FERC issues Order Assessing Civil Penalties against ETRACOM and Michael Rosenberg.  On June 17, FERC issued its Order Assessing Civil Penalties finding that ETRACOM and Michael Rosenberg violated section 222 of the Federal Power Act (FPA) and section 1c.2 of FERC’s regulations, which prohibit energy market manipulation, through a scheme to submit virtual supply transactions at the New Melones intertie at the CAISO border in order to affect power prices and economically benefit ETRACOM’s Congestion Revenue Rights sourced at that location.  FERC assessed $2,400,000 against ETRACOM and $100,000 against Rosenberg in civil penalties, plus $315,072 in disgorgement.  As part of the order, FERC also denied ETRACOM’s request for rehearing of FERC’s May 6 order denying the motion for disclosure of materials from CAISO.

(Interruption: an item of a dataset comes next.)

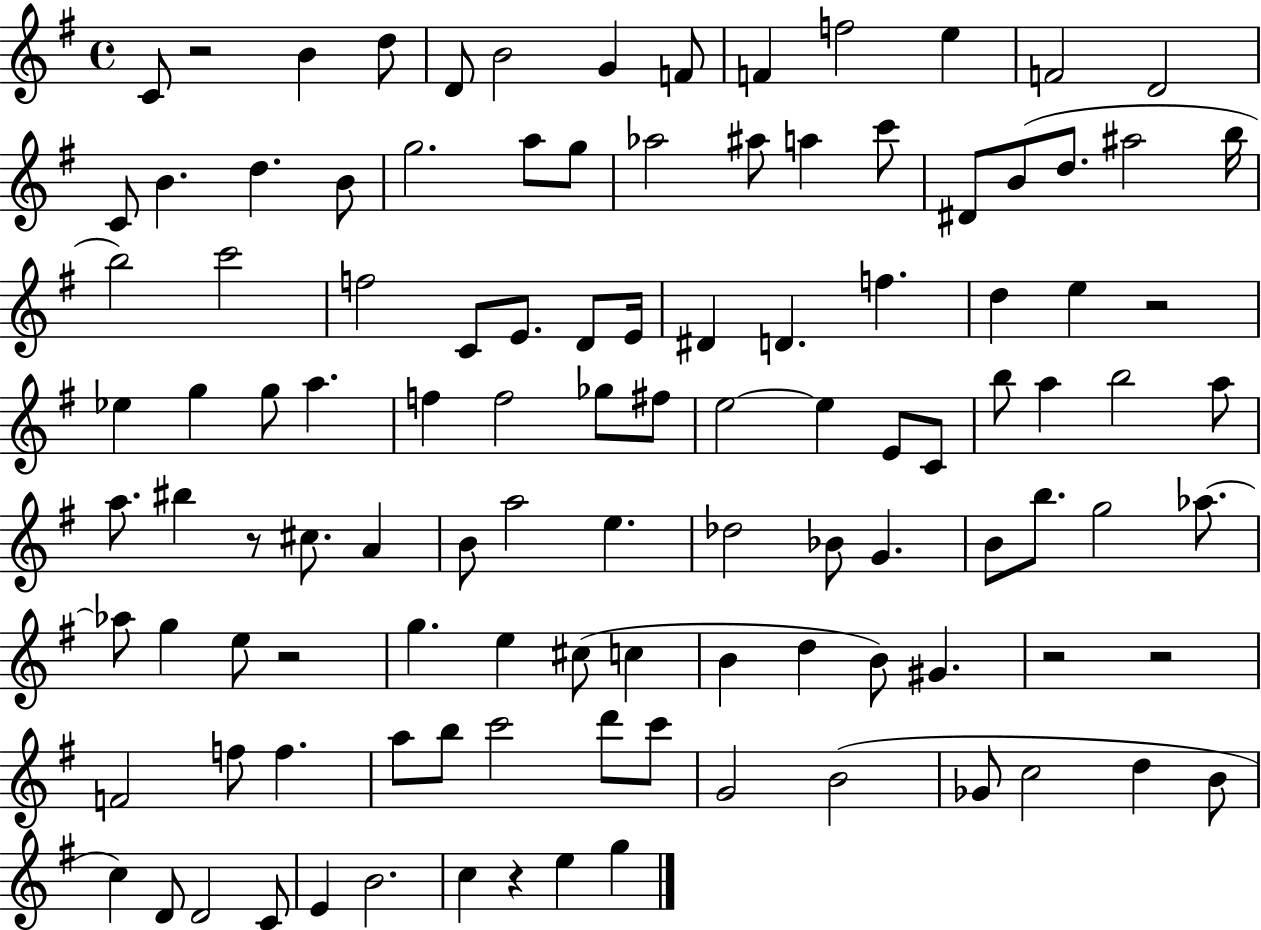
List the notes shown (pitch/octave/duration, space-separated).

C4/e R/h B4/q D5/e D4/e B4/h G4/q F4/e F4/q F5/h E5/q F4/h D4/h C4/e B4/q. D5/q. B4/e G5/h. A5/e G5/e Ab5/h A#5/e A5/q C6/e D#4/e B4/e D5/e. A#5/h B5/s B5/h C6/h F5/h C4/e E4/e. D4/e E4/s D#4/q D4/q. F5/q. D5/q E5/q R/h Eb5/q G5/q G5/e A5/q. F5/q F5/h Gb5/e F#5/e E5/h E5/q E4/e C4/e B5/e A5/q B5/h A5/e A5/e. BIS5/q R/e C#5/e. A4/q B4/e A5/h E5/q. Db5/h Bb4/e G4/q. B4/e B5/e. G5/h Ab5/e. Ab5/e G5/q E5/e R/h G5/q. E5/q C#5/e C5/q B4/q D5/q B4/e G#4/q. R/h R/h F4/h F5/e F5/q. A5/e B5/e C6/h D6/e C6/e G4/h B4/h Gb4/e C5/h D5/q B4/e C5/q D4/e D4/h C4/e E4/q B4/h. C5/q R/q E5/q G5/q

Notably, FERC rejected the respondents’ arguments that the “well-functioning market” language in FERC Order No. 670 limits the reach of FERC’s anti-manipulation rule.  According to FERC, Enforcement Staff is not required to prove that the market in which the manipulation occurred was “well-functioning,” nor does the alleged existence of market flaws serve as a defense to respondents’ manipulative trading behavior.  FERC asserts that a flawed market can be manipulated, citing to the California energy markets during 2000-01.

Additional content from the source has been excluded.